* Dataset excerpt:

= = = = = = =

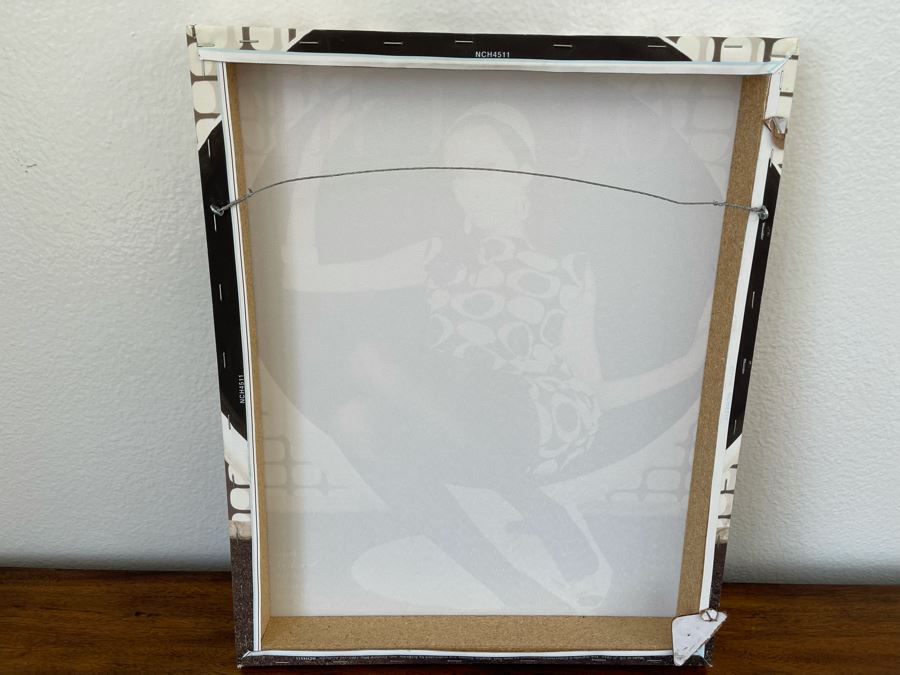 Vintage Couture Canavs Model Print 16 X 20 [Photo 5]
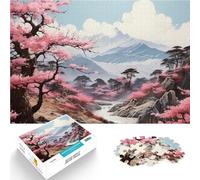 1000 Piece Jigsaws for Adults japanese landscape Family Activity 26x38cm Enhance love between couples for and 14 Years old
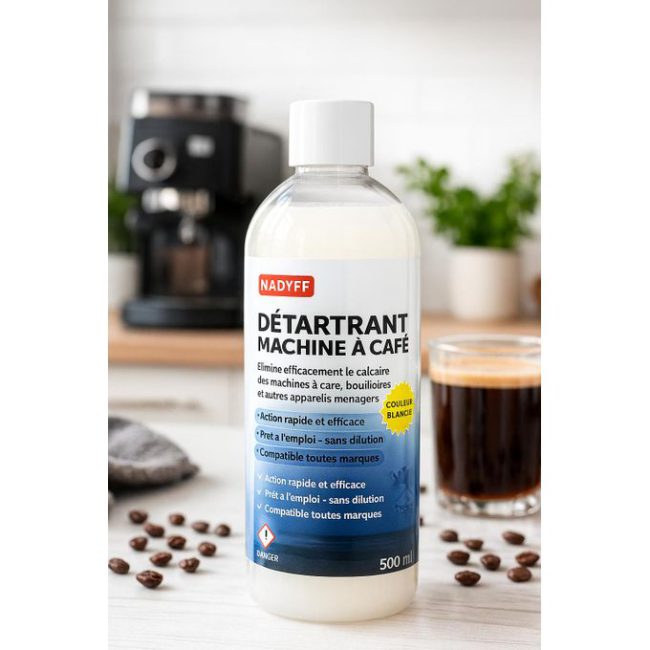 Détartrant rapide pour machine à café 500 ml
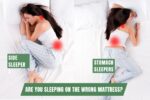 Best Mattress for Side & Stomach Sleepers — Why Natural Latex Wins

= = = = = = =

* Prompt: Set down the data exactly as it appears, without any images.

* Response to the exercise:
 Vintage Couture Canavs Model Print 16 X 20 [Photo 5]
 1000 Piece Jigsaws for Adults japanese landscape Family Activity 26x38cm Enhance love between couples for and 14 Years old
 Détartrant rapide pour machine à café 500 ml
 Best Mattress for Side & Stomach Sleepers — Why Natural Latex Wins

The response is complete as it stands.